[Required work]: The answer must be every line of the records below that contains the word "White", copied out.

Excerpts from a dataset

++++

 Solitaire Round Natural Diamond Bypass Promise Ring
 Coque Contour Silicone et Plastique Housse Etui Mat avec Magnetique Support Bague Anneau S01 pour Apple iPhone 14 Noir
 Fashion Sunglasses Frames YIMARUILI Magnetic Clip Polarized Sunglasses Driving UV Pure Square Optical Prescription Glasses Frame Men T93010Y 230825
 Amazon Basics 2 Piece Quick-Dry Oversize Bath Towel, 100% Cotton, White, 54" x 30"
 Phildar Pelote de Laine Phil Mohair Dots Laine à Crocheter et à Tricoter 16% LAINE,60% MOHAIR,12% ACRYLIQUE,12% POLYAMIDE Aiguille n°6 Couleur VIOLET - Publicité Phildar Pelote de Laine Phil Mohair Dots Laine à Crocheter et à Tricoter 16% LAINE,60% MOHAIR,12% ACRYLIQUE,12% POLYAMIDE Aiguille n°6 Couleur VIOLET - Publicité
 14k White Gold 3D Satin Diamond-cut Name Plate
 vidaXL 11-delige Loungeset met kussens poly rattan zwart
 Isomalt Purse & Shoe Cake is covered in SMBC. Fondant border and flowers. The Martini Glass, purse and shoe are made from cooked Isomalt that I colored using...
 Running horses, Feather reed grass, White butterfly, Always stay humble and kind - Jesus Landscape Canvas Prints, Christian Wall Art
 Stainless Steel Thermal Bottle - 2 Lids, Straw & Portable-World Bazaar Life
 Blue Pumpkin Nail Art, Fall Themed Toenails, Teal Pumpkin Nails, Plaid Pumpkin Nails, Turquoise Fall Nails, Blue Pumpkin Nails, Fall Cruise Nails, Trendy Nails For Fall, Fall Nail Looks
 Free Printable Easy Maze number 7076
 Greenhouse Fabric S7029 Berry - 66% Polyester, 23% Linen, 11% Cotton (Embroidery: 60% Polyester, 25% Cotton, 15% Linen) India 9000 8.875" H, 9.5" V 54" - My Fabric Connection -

++++

[Task answer]:
 Amazon Basics 2 Piece Quick-Dry Oversize Bath Towel, 100% Cotton, White, 54" x 30"
 14k White Gold 3D Satin Diamond-cut Name Plate
 Running horses, Feather reed grass, White butterfly, Always stay humble and kind - Jesus Landscape Canvas Prints, Christian Wall Art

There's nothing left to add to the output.